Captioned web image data
Content starts

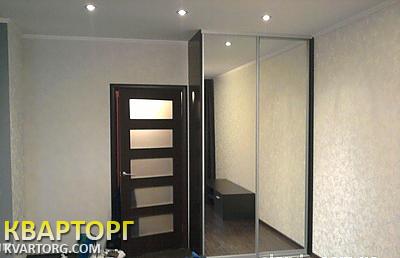 Rent out 1-room apartment. Киев,  Майорова — photo 3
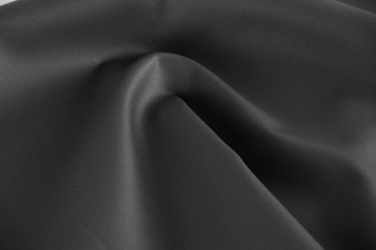 Logo trade promotional merchandise image of: XD Design Soft Tote Backpack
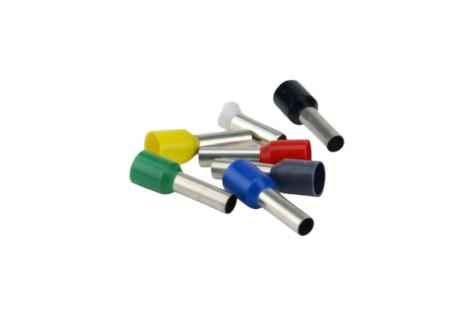 image(2)-11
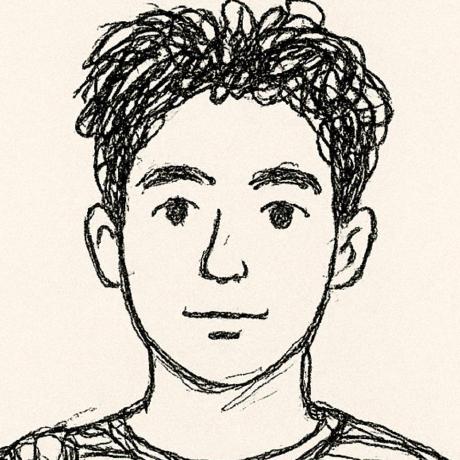 Mr Drgao Github - Best Nature Patterns in HD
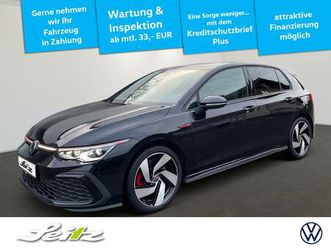 viii 2.0 tsi dsg *harman*matrix*pdc*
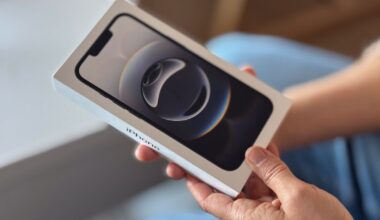 Manchester Evening News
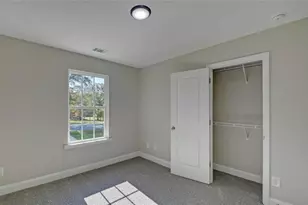 256 Canyon Point Dr, Demorest, GA 30535 - Photo 18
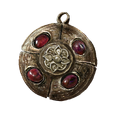Thumbnail for version as of 17:14, 29 May 2026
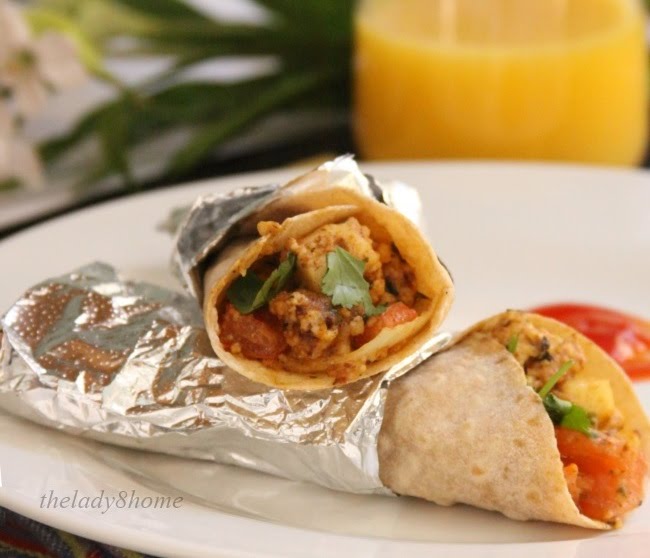 MINAR KABAB TIKKA CORNER by null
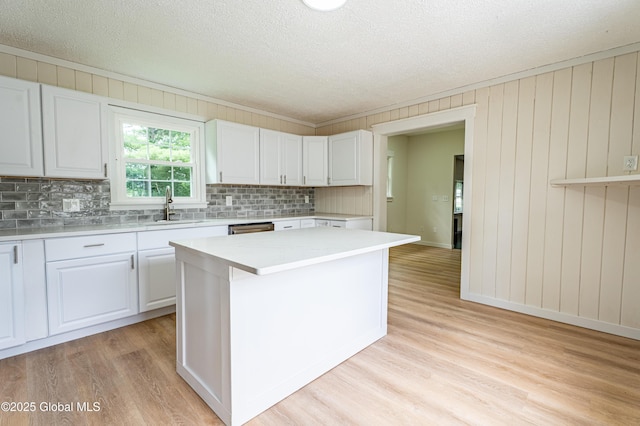 18 Orchard Ter, North Greenbush, NY 12198 - photo 10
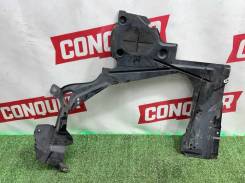     BMW X1 F48 X2 F39 51757354760 51757354760 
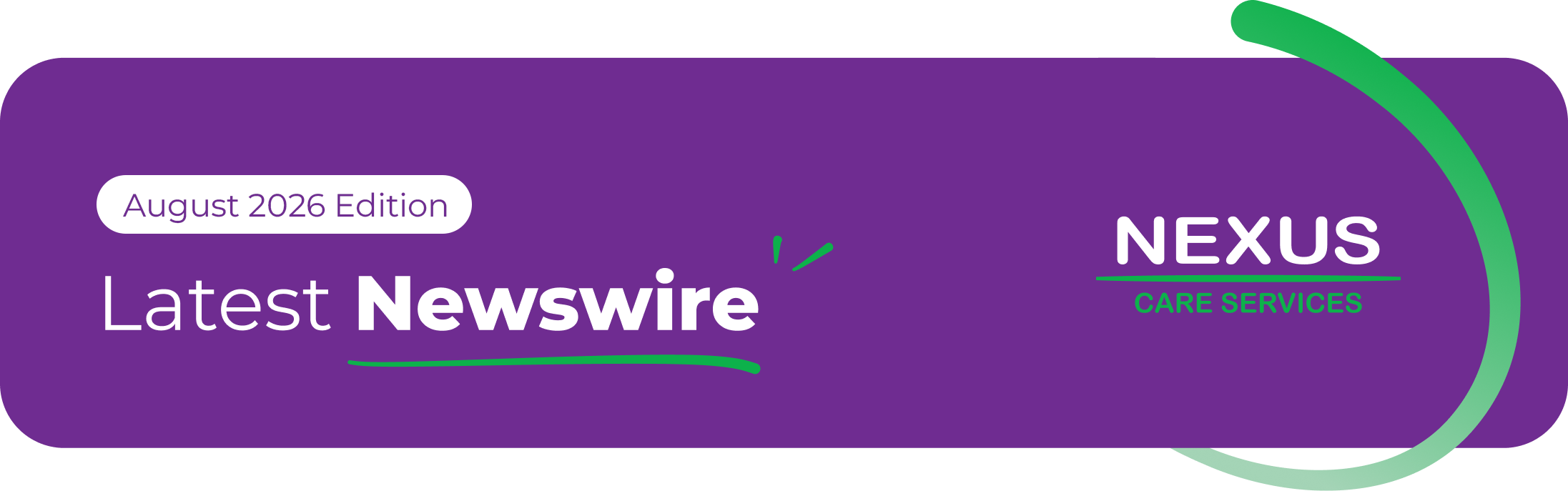 Aug26-Newswire-Header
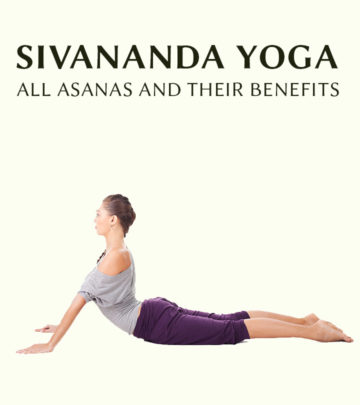 All-Asanas-And-Their-Benefits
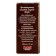 Fragrance S. Pudov coffee, 10 g
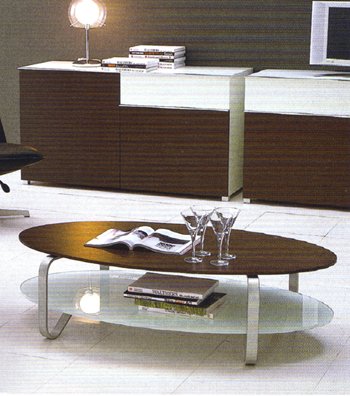  Contemporary Bathrooms, Modern Bathrooms, Bathroom Washbasins, Designer Washbasins, Bathroom Basins and Accessories from Italy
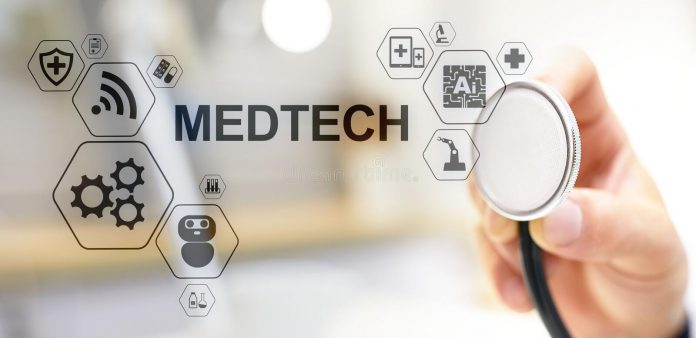 MedTech programmes to be offered by IIT, AIIMS Jodhpur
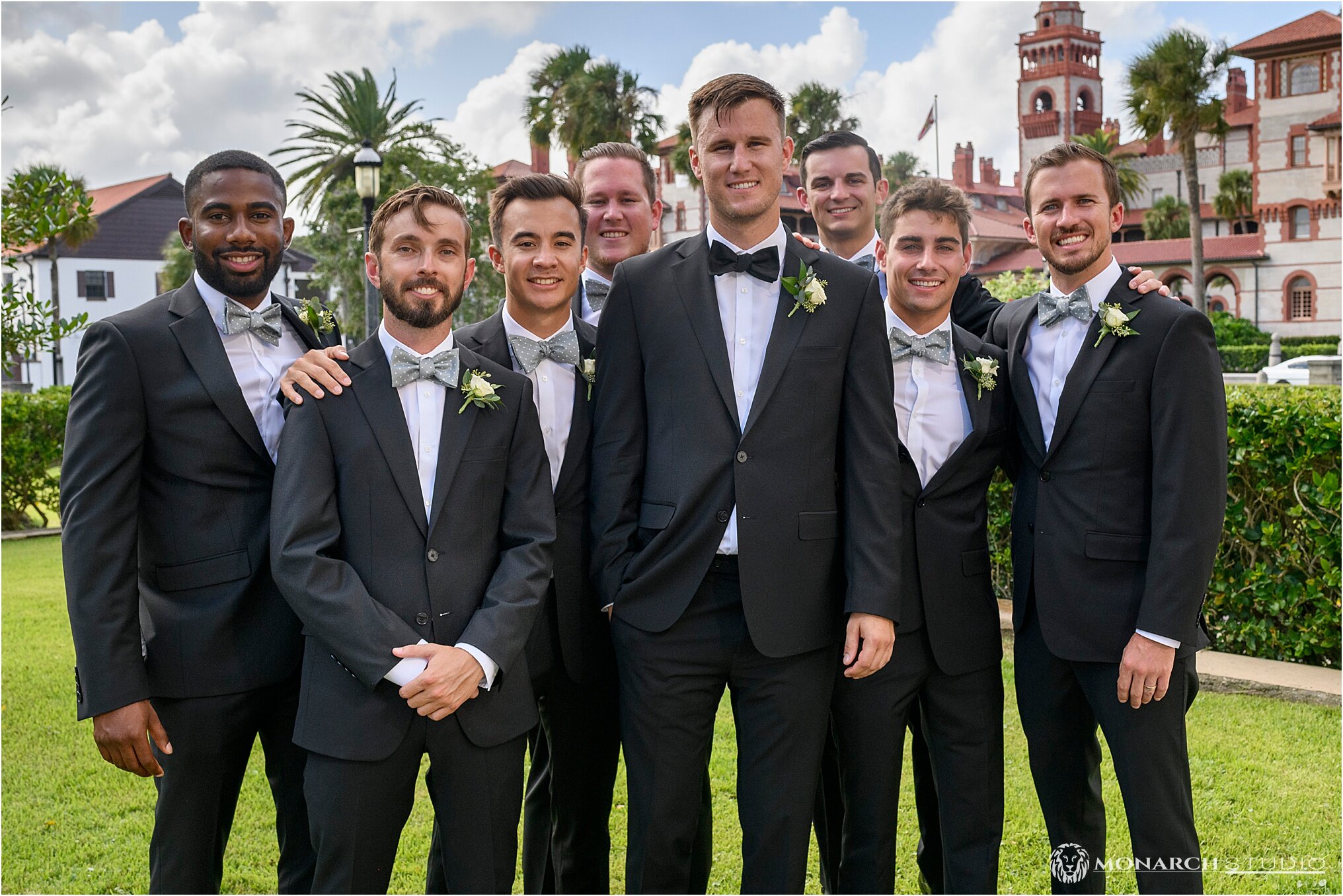 wedding-photographer-in-st-augustine-riverhouse-florida-028.jpg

Content ends

# [AIM OF THE TASK]
Transcribe the lines that run from the line bearing "Thumbnail for version" through the last line of the data. Keep the wording exact and leave out every picture.

# [TASK SOLUTION]
Thumbnail for version as of 17:14, 29 May 2026
 MINAR KABAB TIKKA CORNER by null
 18 Orchard Ter, North Greenbush, NY 12198 - photo 10
     BMW X1 F48 X2 F39 51757354760 51757354760 
 Aug26-Newswire-Header
 All-Asanas-And-Their-Benefits
 Fragrance S. Pudov coffee, 10 g
  Contemporary Bathrooms, Modern Bathrooms, Bathroom Washbasins, Designer Washbasins, Bathroom Basins and Accessories from Italy
 MedTech programmes to be offered by IIT, AIIMS Jodhpur
 wedding-photographer-in-st-augustine-riverhouse-florida-028.jpg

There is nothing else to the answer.